In order to ensure the rational way of the reconstruction of the capital and further its development in accordance with the needs of the People, in particular with the goal of quickly acquiring the grounds and their proper usage, all grounds within the territory of the capital city of Warsaw come into the possession of the gmina of the capital city of Warsaw on the day when this decree comes into force.

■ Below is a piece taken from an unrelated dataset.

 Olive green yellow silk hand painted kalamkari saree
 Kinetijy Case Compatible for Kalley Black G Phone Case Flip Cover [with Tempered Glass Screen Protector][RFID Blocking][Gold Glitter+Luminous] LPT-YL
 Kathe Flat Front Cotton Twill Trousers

The decree did not nationalize the buildings themselves. The decree allowed for those expropriated to claim compensation within six months of the decree's passage, but only a small percentage of the roughly 17,000 claims were accepted. The nationalized property was first transferred to the city of Warsaw. In 1950 this property was taken over by the Polish State Treasury, and in 1990 it was returned to the city of Warsaw's administration. While the Polish communist government was engaged in a wide-scale program of nationalization, the nationalization of Warsaw's properties has been described as a less of an ideological-driven and more of a practical solution, given the scope of the city's destruction. Deputy Director of the Historical Museum of Warsaw Jarosław Trybuś presents the following arguments in favor of the decree:
It would have been a functional and aesthetical catastrophe if each of tens of thousands of property owners started reconstruction to their own tastes and purposes.
The owners would have neither the interest nor the money to restore the historical buildings, e.g., within the Warsaw Old Town. In fact, after the restoration it has become even nicer than the pre-war one.

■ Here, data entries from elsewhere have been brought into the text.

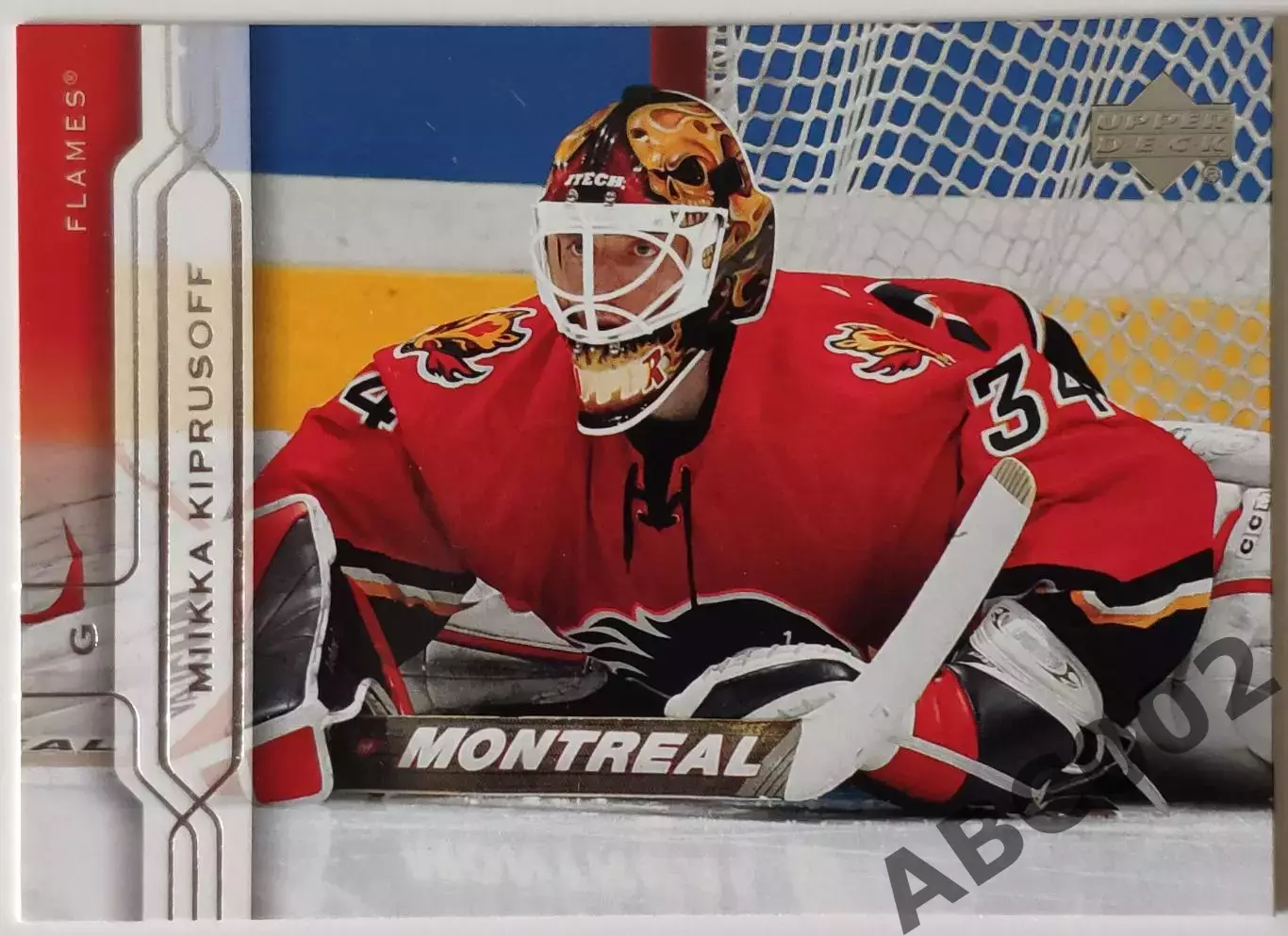 Карточка НХЛ / Mikka Kiprusoff / Flames / Upper Deck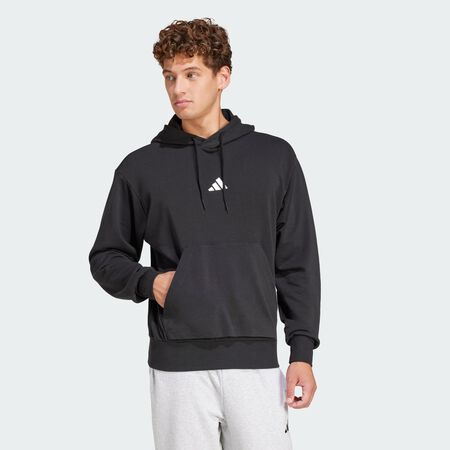 ADIDAS SPORTSWEAR Sweat-shirt à capuche French terry Essentials Feelcozy Black / White HOMME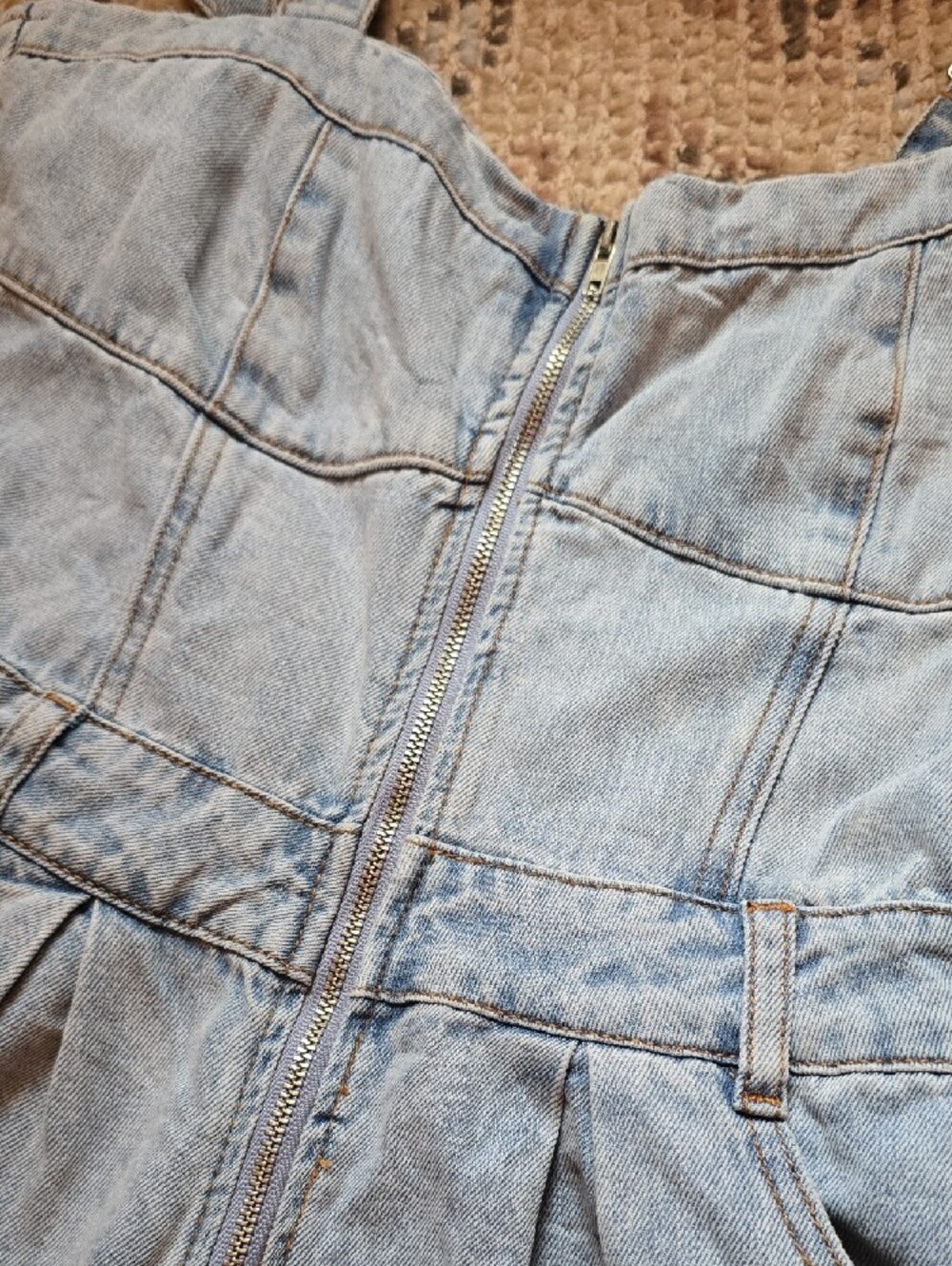 Women’s Light Blue Denim Romper Jumpsuit - Picture 2 of 4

The critics voice the opinion that Warsaw could have been restored to the pre-war state. Trybuś responds that the architects, educated in terms of modern city architecture, hated the archaic XIX-century urbanism, just as modern architects hate the prefabricated panel building districts from Communist Poland.
Trybuś also remarks that apart from the fact of forceful nationalisation, which critics describe as lawless, most of the criticism of the decree regards not the decree per se, but rather its implementation by Communist bureaucrats. After the fall of Communism opinions prevailed that if something was done by the Communists, then it goes without saying it was evil. However, as time passes, the emotions cool down, and in the future we can expect an objective judgement of the decree.
Modern consequences
Following the fall of communism in Poland in 1989, thousands of claims for restitution of nationalized property were made in Warsaw alone by former owners or their surviving heirs. As of 2018, 4,000 reprivatisation decisions have been taken, affecting about 450 properties consisting of over 4,500 occupied dwellings and over 17,000 tenants. Many claims are still outstanding as of 2018, due to opposition from tenant anti-reprivatisation activists and interference from fraudulent or exploitative, sometimes illegal, business ventures. As claimants frame their demands as fixing old injustices, tenant and anti-reprivatisation activists note that the public spaces are damaged, new landlords evict elderly tenants using underhanded methods, and city development becomes nearly impossible. A tenant activist,, was murdered in 2011, raising concerns of organized crime involvement in this area. A number of contentious privatization cases in Warsaw has grabbed the attention of Polish and even international press over the years.